YOUR GOAL - With the pictures left aside, write out exactly the lines of the listing below from the line with "PSMA can tell" to the line with "Девочке оказана медицинская помощь Девочке", both included, and only those.
-------- MATERIAL FOR THIS EXERCISE
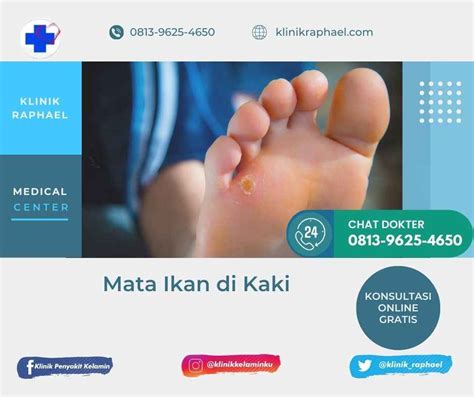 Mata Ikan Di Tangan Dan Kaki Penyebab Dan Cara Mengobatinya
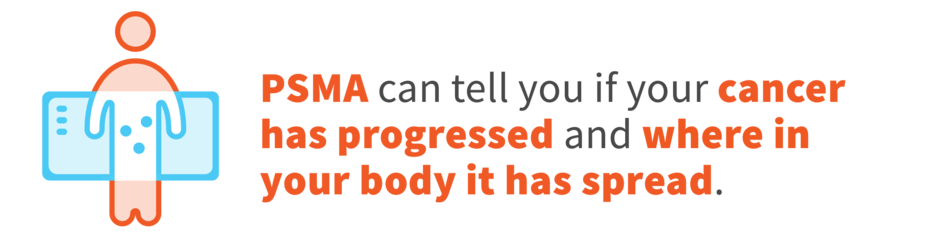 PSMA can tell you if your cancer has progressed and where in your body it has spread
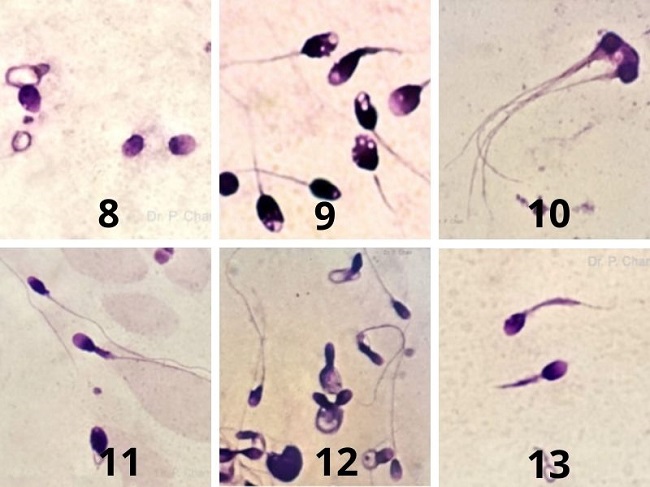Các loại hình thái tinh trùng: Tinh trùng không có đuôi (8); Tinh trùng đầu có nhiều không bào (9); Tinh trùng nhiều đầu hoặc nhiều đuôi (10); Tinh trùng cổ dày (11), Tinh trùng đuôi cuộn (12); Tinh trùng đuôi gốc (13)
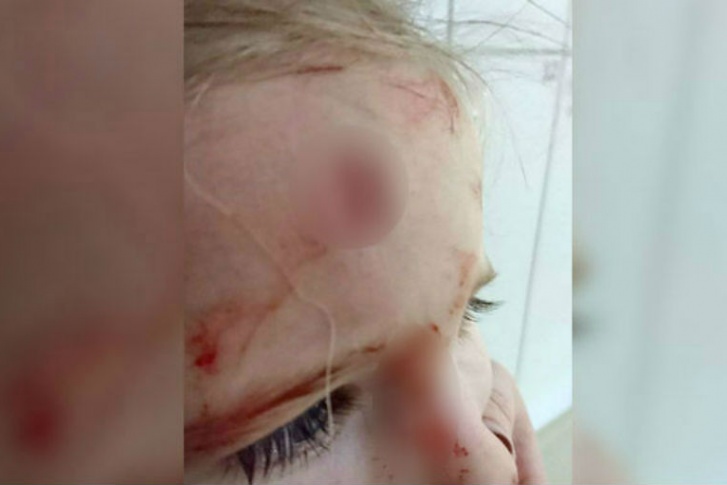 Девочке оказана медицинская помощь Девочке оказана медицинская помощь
----------------
-------- MATERIAL FOR THIS EXERCISE
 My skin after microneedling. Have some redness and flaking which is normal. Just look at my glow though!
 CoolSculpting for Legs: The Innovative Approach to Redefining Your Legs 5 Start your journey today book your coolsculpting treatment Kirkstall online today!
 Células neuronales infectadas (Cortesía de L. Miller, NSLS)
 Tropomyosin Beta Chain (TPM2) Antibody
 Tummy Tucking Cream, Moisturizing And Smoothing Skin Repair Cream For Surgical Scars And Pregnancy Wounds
----------------
TASK OUTPUT -
 PSMA can tell you if your cancer has progressed and where in your body it has spread
Các loại hình thái tinh trùng: Tinh trùng không có đuôi (8); Tinh trùng đầu có nhiều không bào (9); Tinh trùng nhiều đầu hoặc nhiều đuôi (10); Tinh trùng cổ dày (11), Tinh trùng đuôi cuộn (12); Tinh trùng đuôi gốc (13)
 Девочке оказана медицинская помощь Девочке оказана медицинская помощь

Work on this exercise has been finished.